■ PROBLEM STATEMENT ■
Below are the records; restate word for word the lines from the first through the one containing "Dallas Thanksgiving Football", and only those.

DATA EXTRACT: Begin

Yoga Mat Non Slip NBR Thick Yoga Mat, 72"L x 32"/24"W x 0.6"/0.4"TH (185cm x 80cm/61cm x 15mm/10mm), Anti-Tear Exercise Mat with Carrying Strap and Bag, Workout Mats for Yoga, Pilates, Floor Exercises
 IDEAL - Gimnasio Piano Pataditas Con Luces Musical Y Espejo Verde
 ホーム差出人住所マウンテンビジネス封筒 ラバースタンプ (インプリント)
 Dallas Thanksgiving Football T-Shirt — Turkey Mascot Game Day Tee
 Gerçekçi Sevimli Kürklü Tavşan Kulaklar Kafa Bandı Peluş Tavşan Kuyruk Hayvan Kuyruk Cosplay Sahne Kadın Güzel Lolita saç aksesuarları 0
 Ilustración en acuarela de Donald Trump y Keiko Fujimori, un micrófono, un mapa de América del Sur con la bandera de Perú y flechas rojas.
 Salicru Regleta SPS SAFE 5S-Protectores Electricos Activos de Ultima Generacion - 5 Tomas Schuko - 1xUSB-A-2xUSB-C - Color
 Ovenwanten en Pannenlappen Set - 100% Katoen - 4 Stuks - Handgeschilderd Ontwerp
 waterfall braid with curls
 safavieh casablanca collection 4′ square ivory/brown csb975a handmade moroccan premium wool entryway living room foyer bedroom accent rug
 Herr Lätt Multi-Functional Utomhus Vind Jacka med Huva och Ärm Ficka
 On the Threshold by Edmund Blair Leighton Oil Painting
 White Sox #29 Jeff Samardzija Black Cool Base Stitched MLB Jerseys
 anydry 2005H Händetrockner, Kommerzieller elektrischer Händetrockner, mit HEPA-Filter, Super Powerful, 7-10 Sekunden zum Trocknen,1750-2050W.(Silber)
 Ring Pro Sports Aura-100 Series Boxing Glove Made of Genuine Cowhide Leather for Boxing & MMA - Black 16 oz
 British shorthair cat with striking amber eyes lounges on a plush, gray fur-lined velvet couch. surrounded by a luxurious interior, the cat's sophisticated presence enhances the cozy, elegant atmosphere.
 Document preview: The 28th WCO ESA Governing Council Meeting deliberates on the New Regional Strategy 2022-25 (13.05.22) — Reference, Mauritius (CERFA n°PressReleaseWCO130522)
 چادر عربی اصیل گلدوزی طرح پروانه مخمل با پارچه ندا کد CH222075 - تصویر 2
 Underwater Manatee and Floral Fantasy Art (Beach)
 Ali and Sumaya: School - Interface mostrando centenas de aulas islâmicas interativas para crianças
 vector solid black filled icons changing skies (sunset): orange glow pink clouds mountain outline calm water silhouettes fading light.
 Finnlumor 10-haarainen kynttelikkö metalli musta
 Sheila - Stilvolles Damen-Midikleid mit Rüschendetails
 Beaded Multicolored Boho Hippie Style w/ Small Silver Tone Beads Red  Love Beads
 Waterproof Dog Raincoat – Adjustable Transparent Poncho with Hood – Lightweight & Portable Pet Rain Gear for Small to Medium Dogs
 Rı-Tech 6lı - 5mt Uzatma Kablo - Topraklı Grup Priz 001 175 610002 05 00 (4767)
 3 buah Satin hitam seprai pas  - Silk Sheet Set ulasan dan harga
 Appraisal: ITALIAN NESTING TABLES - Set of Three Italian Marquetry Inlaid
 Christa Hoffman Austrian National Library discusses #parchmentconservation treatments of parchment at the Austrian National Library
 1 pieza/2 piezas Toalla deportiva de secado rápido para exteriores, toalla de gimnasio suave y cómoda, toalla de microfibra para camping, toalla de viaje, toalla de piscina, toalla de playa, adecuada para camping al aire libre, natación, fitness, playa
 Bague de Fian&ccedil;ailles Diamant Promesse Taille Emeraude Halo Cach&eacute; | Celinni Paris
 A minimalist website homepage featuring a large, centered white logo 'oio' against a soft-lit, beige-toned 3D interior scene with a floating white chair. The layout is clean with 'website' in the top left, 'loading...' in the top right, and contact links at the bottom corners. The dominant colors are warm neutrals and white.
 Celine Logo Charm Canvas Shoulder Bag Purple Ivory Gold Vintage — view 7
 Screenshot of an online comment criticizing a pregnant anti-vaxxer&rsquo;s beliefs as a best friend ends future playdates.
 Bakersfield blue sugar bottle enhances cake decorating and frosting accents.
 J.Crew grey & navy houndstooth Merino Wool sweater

DATA EXTRACT: End

■ RESULT BELOW ■
Yoga Mat Non Slip NBR Thick Yoga Mat, 72"L x 32"/24"W x 0.6"/0.4"TH (185cm x 80cm/61cm x 15mm/10mm), Anti-Tear Exercise Mat with Carrying Strap and Bag, Workout Mats for Yoga, Pilates, Floor Exercises
 IDEAL - Gimnasio Piano Pataditas Con Luces Musical Y Espejo Verde
 ホーム差出人住所マウンテンビジネス封筒 ラバースタンプ (インプリント)
 Dallas Thanksgiving Football T-Shirt — Turkey Mascot Game Day Tee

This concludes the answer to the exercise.